When this was digitally remastered and reissued as a CD, the cover changed. The Miles Davis on the new cover was that of the late 1970s and 1980s. Not the successful young business in the Wall Street suit.
For the legal minds reading this, the original cover has a recent legal history, all to do with copyright. Read this.
There has always been a bit of controversy about the music – who wrote what, and should have been credited, but was not. This was mainly about the pianist, the great Bill Evans. Here’s a note from the Bill Evans Website. “Bill Evans was the pianist in Miles Davis’ group in 1958, and after a few tracks recorded and less than a year touring with the band, left to form his own trio and expand his career,. He was called back to play on the now legendary “Kind of Blue” album in the spring of 1959. According to many sources, Miles concept for the modally-conceived tunes of the sessions was indeed based on the playing of Evans. Bill, in fact, penned “Blue In Green” (though the writer’s credit still usually goes to Miles, the Miles Davis Estate has finally admitted in 2002 on the official website , that Evans wrote the tune) and his piano sound is so much a part of the ambience of this historic album. “Kind of Blue” also featured the legendary musicians John Coltrane, Cannonball Adderly, Paul Chambers and Jimmy Cobb. … These liner notes below, written by Bill Evans, appear on the original recording sleeve.”
“There is a Japanese visual art in which the artist is forced to be spontaneous. He must paint on a thin stretched parchment with a special brush and black water paint in such a way that an unnatural or interrupted stroke will destroy the line or break through the parchment. Erasures or changes are impossible. These artists must practice a particular discipline, that of allowing the idea to express itself in communication with their hands in such a direct way that deliberation cannot interfere.
“The resulting pictures lack the complex composition and textures of ordinary painting, but it is said that those who see well find something captured that escapes explanation.
“This conviction that direct deed is the most meaningful reflections, I believe, has prompted the evolution of the extremely severe and unique disciplines of the jazz or improvising musician.
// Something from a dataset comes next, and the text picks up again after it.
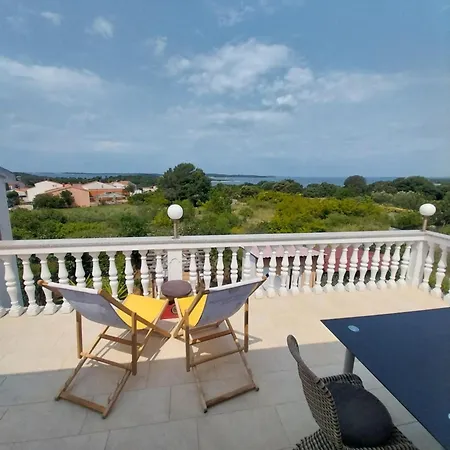 Me Living - - Strandnaehe Apartament Pula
“Group improvisation is a further challenge. Aside from the weighty technical problem of collective coherent thinking, there is the very human, even social need for sympathy from all members to bend for the common result. This most difficult problem, I think, is beautifully met and solved on this recording.
“As the painter needs his framework of parchment, the improvising musical group needs its framework in time,. Miles Davis presents here frameworks which are exquisite in their simplicity and yet contain all that is necessary to stimulate performance with sure reference to the primary conception.
“Miles conceived these settings only hours before the recording dates and arrived with sketches which indicated to the group what was to be played. Therefore, you will hear something close to pure spontaneity in these performances. The group had never played these pieces prior to the recordings and I think without exception the first complete performance of each was a “take.””
If you don’t have KoB yet (!!???!) go out and get it. NOW!!